NPR had a great segment last month about how karaoke videos are teaching safe water techniques in Cambodia. Mickey Sampson of Resource Development International Cambodia saw that there was a small village near his home where a number of kids were dying from diarrhea caused by bacteria from their wells. The people of the village could not read and were accepting water born disease as a way of life. One day he heard a villager singing the Barney song, “I love you, you love me.” He realized that they were learning new songs through karaoke videos. Sampson, thought outside the box and created a karaoke video that tells the story of love with information about the dangers of arsenic and bacteria in some hand-dug wells. They drive karaoke vans around to villages and are spreading the message subliminally to the villagers to solve the problem.
Mickey is doing a few things right:
- He is thinking outside the box. He understands that brochures and verbal warnings are not going to solve the problem.
- He is speaking their language. How are people learning? How are they receiving information and spreading information. That is where he needed to put his message!
- He delivered the message to the villagers in their ‘world view.’ It was critical that he had a persuasive message, since they were beginning to accept this problem as a way of life. He had to speak to their emotional side, in a way comfortable to them, to change their point of view. He did this through the story of love portrayed in the Karaoke video.
When approaching a difficult marketing problem, think about Karaoke in Cambodia. If you need to spread a message to your village/tribe, think outside the box, speak their language and to their world view.
Listen to NPR recording here.
Interesting article thank you so much for bringing up this i really enjoyed reading.
reign
Posted by: wow magic sing | 09/08/2009 at 08:19 PM
They are taught how to gather rain water and filter the rain water throught the pots Mickey designed. Rain water is clear of arsenic.
Posted by: Jon | 03/23/2009 at 12:43 PM
It is a sad story, but several well intended groups went into these villages and drilled wells. They have ceramic water filters that protect against bacteria, but it does not protect against arsenic. The video is actually a subliminal message to spend a dollar to have the wells tested. See details below (from NPR recording).

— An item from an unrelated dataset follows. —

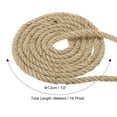 thumbnail image 2 of Uxcell 1/2 Inch 19.7 Feet Jute Rope Natural Manila Rope 4 Strand Twisted Thick Heavy Twine Rope, 2 of 5
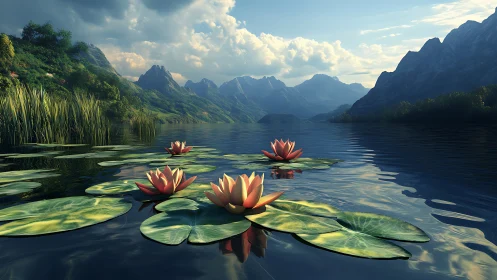 Water lilies float on a calm mountain lake at sunset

If their only source for water was contaminated, I would think/hope that Resource Development International who helped create the video would help find a new resource for drinking water.
Karaoke song:
The karaoke video is a song about a woman singing to her husband it goes something like this, "(W) You are a great husband for giving me this well. (H) I drilled this well because I love you. But we need to do one more thing before we drink this water. There is something else you should know about: there is something called arsenic and it has no odor or color and we need to spend one dollar to test our well to make sure we are safe."
As story unfolds the well is tested and find out that it contains arsenic so they paint the well red so everyone knows it is not for drinking.
Posted by: Rebecca Goldstein | 02/22/2009 at 09:04 AM
Sorry for beeing a bit anti-climax but how does the knowledge spreaded by videos help the locals with the infected-water problem??
OK, so they know now what was killing them but I suppose there are no alternative water-sources near villages and they're also poor enough to not afford mineral water. Now what?